Wednesday, February 1, 2017

Poems of Resistance, Power & Resilience – Edward D. Currelley

Close up image of a microphone on a stage. The audience that is facing the microphone is blurred, appearing as a myriad of colors (red, white, green, yellow, etc.)
As the incoming administration builds its agenda of attack on marginalized people, on freedom of speech, on the earth itself, poetry will continue to be an essential voice of resistance. Poets will speak out in solidarity, united against hatred, systemic oppression, and violence and for justice, beauty, and community.
                
In this spirit, Split This Rock is offering its blog as a Virtual Open Mic. For the rest of this frightening month, January of 2017, we invite you to send us poems of resistance, power, and resilience.

We will post every poem we receive unless it is offensive (containing language that is derogatory toward marginalized groups, that belittles, uses hurtful stereotypes, explicitly condones or implies a call for violence, etc.). After the Virtual Open Mic closes, we hope to print out and mail all of the poems to the White House.

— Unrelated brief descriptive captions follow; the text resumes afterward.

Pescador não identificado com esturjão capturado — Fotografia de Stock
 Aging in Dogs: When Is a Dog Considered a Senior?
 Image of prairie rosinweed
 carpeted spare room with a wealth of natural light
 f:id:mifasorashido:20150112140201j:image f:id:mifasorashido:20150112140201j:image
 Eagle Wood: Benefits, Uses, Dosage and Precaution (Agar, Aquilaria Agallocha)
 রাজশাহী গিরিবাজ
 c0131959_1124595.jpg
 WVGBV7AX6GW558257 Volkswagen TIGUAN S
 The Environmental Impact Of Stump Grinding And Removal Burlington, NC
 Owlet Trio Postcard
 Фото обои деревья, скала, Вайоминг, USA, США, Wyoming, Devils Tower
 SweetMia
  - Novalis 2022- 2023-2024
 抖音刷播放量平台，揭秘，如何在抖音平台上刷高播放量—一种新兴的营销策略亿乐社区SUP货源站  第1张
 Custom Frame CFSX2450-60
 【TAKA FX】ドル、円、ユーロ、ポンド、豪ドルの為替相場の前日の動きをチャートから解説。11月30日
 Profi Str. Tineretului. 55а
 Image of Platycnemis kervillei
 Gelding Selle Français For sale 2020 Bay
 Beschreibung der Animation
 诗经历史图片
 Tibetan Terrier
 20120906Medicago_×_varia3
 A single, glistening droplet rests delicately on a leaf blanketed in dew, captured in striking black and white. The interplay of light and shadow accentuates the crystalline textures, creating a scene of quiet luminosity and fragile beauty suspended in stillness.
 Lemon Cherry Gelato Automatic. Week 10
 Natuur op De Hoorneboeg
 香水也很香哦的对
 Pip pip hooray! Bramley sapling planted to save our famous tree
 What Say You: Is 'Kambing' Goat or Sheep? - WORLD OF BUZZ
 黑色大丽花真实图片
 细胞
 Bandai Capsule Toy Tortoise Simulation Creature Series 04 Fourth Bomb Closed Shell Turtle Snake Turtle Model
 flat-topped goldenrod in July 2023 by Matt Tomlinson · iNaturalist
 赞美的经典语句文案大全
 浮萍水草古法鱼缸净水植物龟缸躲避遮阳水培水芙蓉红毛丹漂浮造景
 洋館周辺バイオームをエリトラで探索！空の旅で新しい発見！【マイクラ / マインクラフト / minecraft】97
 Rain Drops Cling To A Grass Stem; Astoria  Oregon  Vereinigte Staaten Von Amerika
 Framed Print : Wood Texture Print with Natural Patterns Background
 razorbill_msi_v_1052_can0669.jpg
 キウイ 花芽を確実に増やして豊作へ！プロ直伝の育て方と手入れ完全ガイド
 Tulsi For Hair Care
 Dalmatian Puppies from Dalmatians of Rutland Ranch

For guidelines on how to submit poems for this call, visit the Call for Poems of Resistance, Power & Resilience blog post


***


I AMERICA
by Edward D. Currelley

America is my home
 This, is where I’m from
Generations past my ancestors
Were stolen from their home land
 Brought here in chains
Generations since
 We’ve worked hard to be Americans
This, without choice
 Because, for the most part, it’s all we know
We’ve been given reluctant invitation of assimilation
 Un-equal justice, after the fact
We are made to feel like occupying refugees
This state of reality wasn’t asked for
It was forced upon us
We remain the only race of people in these United States
 Not given the choice of coming to these shores of our own volition
There has never been an open armed welcome
 Benefits or opportunity un-earned
Give us your weak, poor etc, never applied
Though we’ve managed advancement, assimilation
 We as a people continue to struggle
 Within the structure of a nation in denial
 A nation of false promise, blinded by its own dark truths
A nation in fear of its own reflection
A nation unwilling to correct its misdeeds
Of challenging the truths of its origin
These are our American realities

James Baldwin wrote, “Not everything that is faced can be changed,
But nothing can be changed until it is faced.”

1 comment:

Unknown said...

Congratulations Edward D. Currelley! I America is a magnificent, well crafted and
powerful poem. We need your voice and the clarity and power of your words. Thanks!